Performance: Soju was something we’re going to be seeing more and more in the coming seasons of the show: a Drag Race superfan turned contestant. So far, I’m afraid we’re 0 for 1. Her martial arts inspired entrance look promised something interesting—cultural references mixed with androgynous drag—that she never got a chance to deliver. Her first runway outfit was a hot mess (and her evoking the great Kim Chi as an influence was downright sacrilegious) and she was nunchukked before we even got to know her.
Grade: D

Entertainment value: When Soju confessed on stage that she had a leaking cyst (#$%!), did she know what she was doing? Was she an evil genius intentionally creating a meme, or was it just nervous rambling?

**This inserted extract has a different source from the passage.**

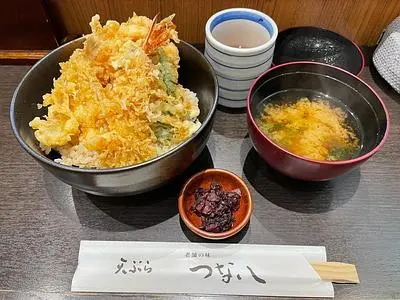 つな八 上大岡デリカ店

Whatever the case, it worked, and the “cysters” joke oozed throughout the season.
Grade: B

Lowpoint: Confessing to an anal cyst
Highpoint: Oddly, confessing to an anal cyst

Kahanna

 

Kahanna Montrese

Performance: Sometimes a queen just needs a little more time in the oven, and that was clearly the case with Kahanna. I almost feel sorry for her; maybe the Kahanna of five years from now would absolutely slay (with Coco Montrese as a drag mother, I’d all but count on it). As it is, does anyone remember a single thing she did on the show?
Grade: D-

Entertainment value: In a cast filled with out-of-drag hotties, Kahanna was arguably the hottest of them all. Hey, trade of the season is nothing to sneeze at.
Grade: C

Lowpoint: Attempting to start a fight with Mercedes at the reunion. Not cute, girl.
Highpoint: It actually came after the show: her spirited and funny music video, “Scores!,” with Manila Luzon, Sharon Needles, Trinity Tuck, and others. Kahanna must be doing something right to get all those A-listers to her shoot.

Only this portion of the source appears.